─── Material to process

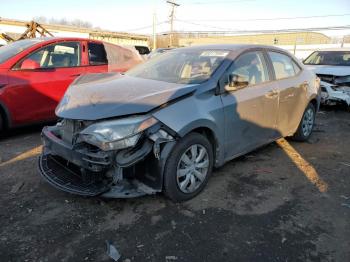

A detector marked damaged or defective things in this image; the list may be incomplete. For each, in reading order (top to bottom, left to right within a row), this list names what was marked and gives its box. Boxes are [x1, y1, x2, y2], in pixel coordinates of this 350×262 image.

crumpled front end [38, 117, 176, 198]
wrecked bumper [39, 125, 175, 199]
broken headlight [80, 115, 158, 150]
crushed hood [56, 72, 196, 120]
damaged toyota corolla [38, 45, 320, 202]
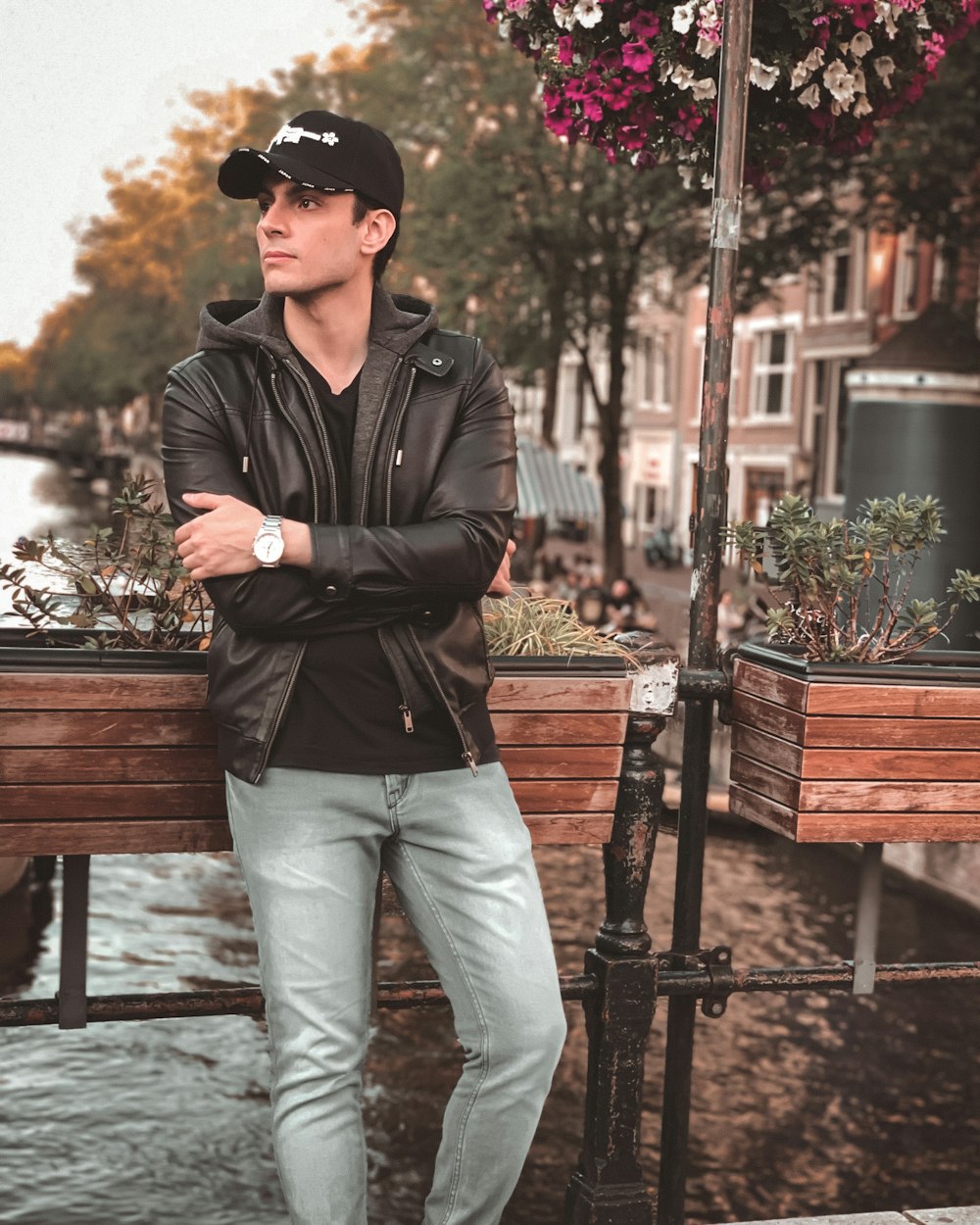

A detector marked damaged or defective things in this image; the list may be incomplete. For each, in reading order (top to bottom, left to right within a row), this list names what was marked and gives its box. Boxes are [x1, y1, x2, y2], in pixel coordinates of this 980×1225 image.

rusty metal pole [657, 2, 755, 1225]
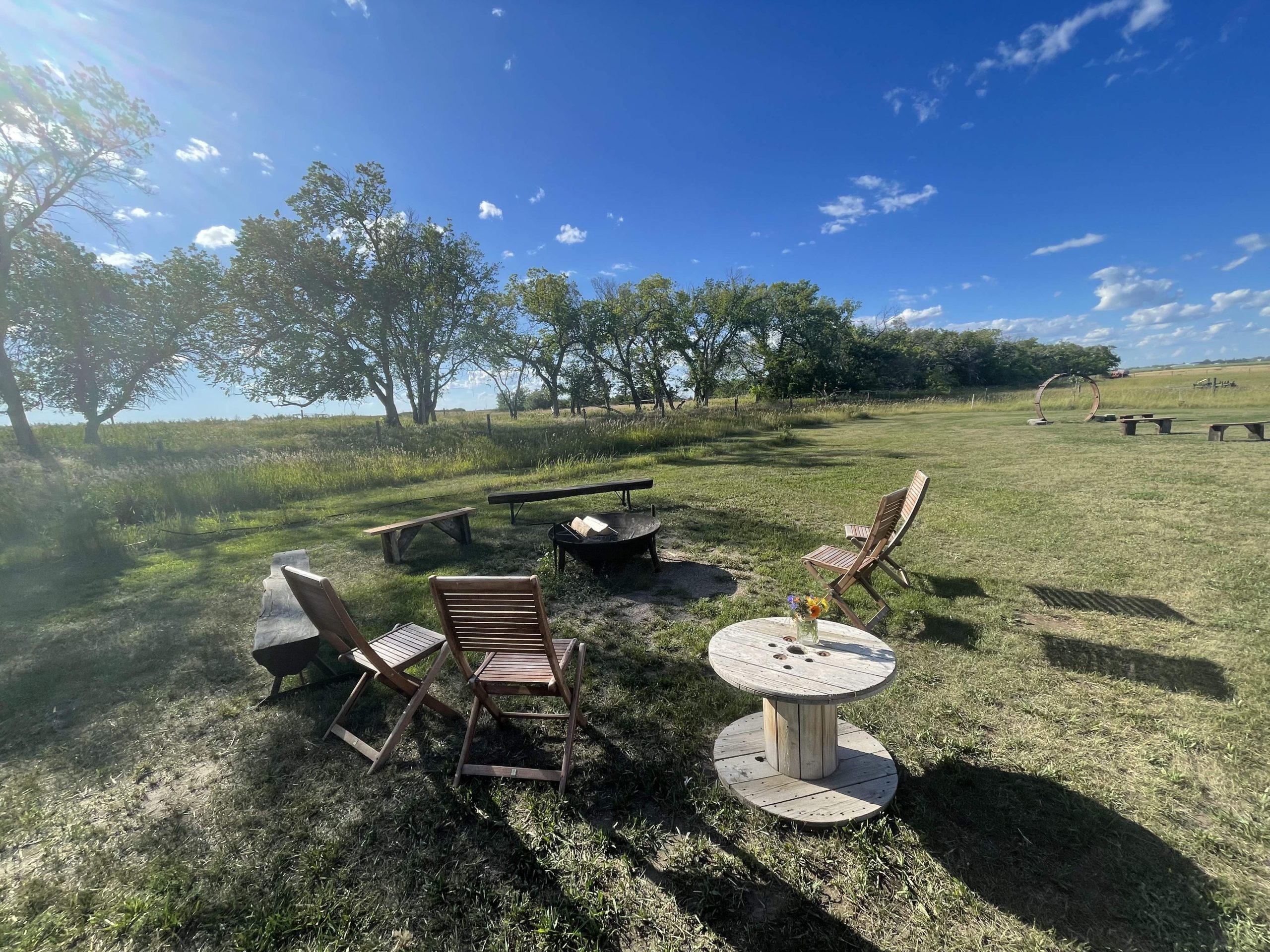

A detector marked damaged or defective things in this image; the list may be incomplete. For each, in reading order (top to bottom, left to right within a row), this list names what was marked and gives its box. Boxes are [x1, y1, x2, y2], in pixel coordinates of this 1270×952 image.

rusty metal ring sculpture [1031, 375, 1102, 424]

──────

**What you have to do**
Could you retype exactly the lines above from the one containing "this 1270×952 image." through the last line of the records, both included, and nothing else?

**Output for this task**
A detector marked damaged or defective things in this image; the list may be incomplete. For each, in reading order (top to bottom, left to right within a row), this list names what was marked and gives its box. Boxes are [x1, y1, x2, y2], in pixel coordinates of this 1270×952 image.

rusty metal ring sculpture [1031, 375, 1102, 424]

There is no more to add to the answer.